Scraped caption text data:
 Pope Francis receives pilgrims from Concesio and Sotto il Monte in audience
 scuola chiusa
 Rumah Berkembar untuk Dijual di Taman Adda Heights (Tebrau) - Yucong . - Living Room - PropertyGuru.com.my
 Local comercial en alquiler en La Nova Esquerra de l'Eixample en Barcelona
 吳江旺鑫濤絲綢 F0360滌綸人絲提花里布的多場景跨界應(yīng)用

--

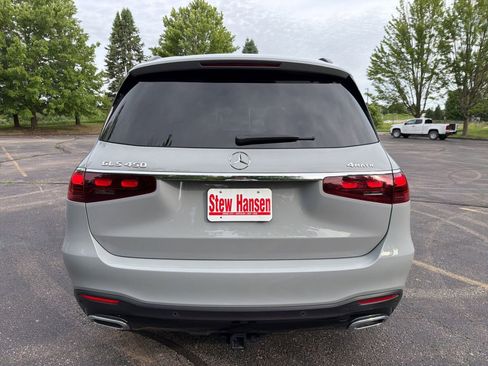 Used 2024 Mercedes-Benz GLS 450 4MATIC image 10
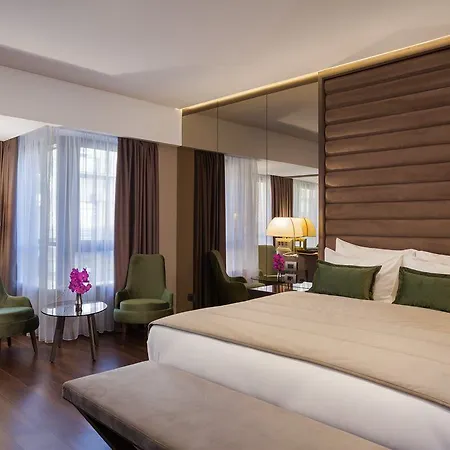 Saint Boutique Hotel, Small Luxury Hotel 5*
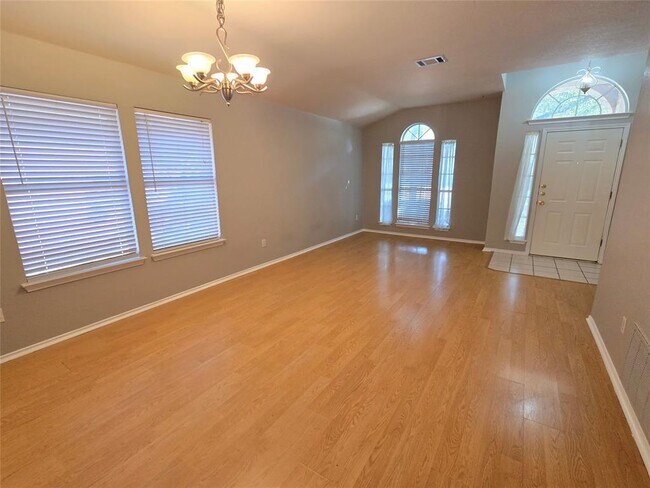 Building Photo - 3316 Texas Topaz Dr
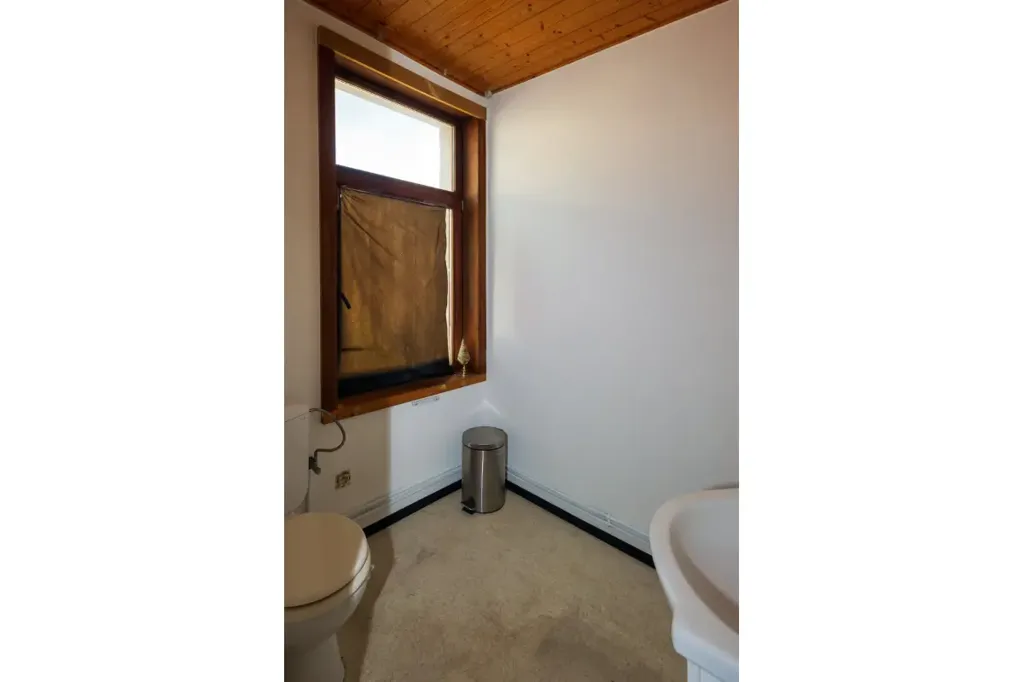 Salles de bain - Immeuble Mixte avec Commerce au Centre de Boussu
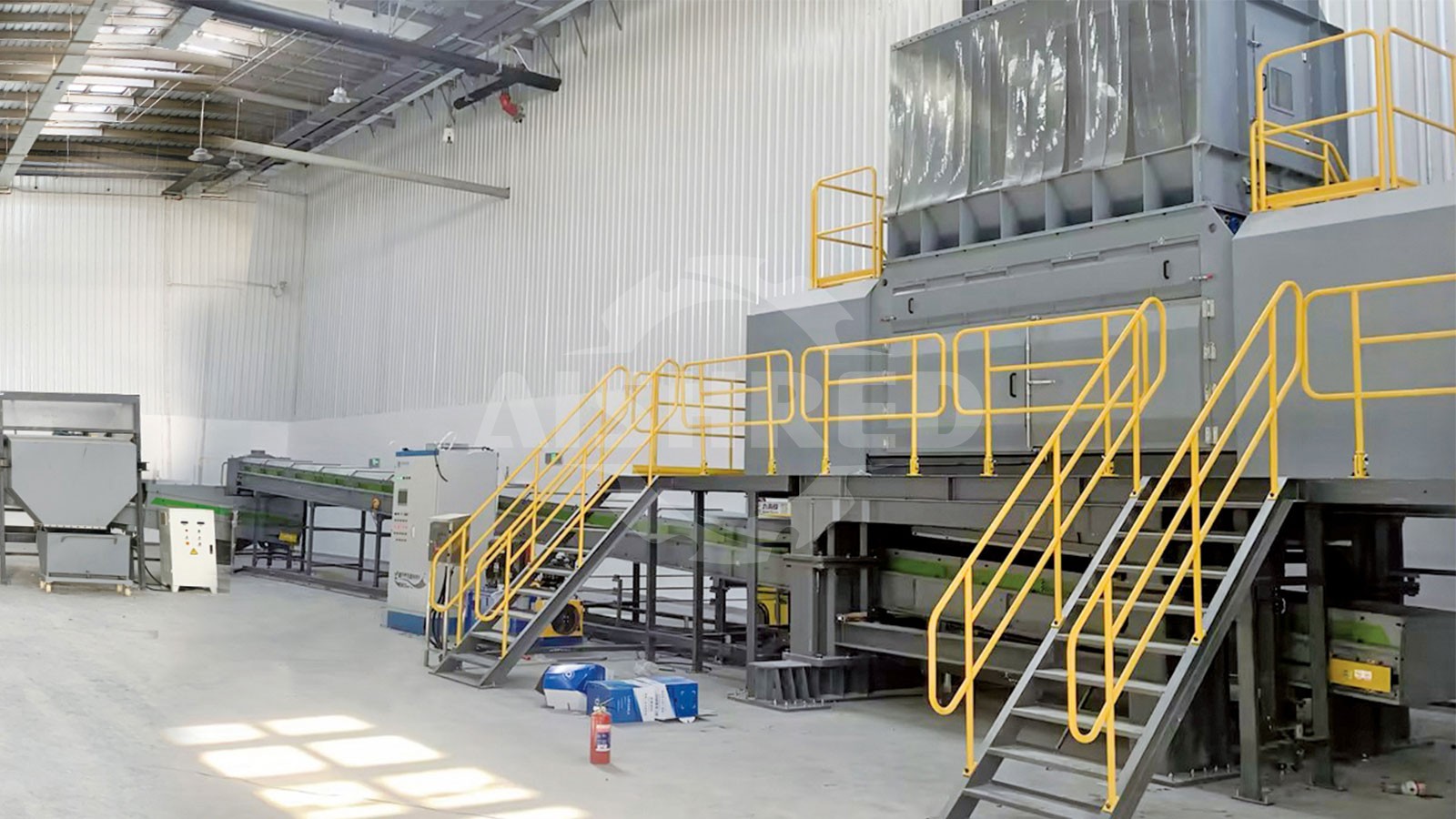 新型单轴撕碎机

The task >> In the records above, the line with "Pope Francis receives" marks the start and the line with "吳江旺鑫濤絲綢 F0360滌綸人絲提花里布的多場景跨界應(yīng)用" marks the end; copy that stretch exactly, both lines included, and nothing else.

Result for this task >>
 Pope Francis receives pilgrims from Concesio and Sotto il Monte in audience
 scuola chiusa
 Rumah Berkembar untuk Dijual di Taman Adda Heights (Tebrau) - Yucong . - Living Room - PropertyGuru.com.my
 Local comercial en alquiler en La Nova Esquerra de l'Eixample en Barcelona
 吳江旺鑫濤絲綢 F0360滌綸人絲提花里布的多場景跨界應(yīng)用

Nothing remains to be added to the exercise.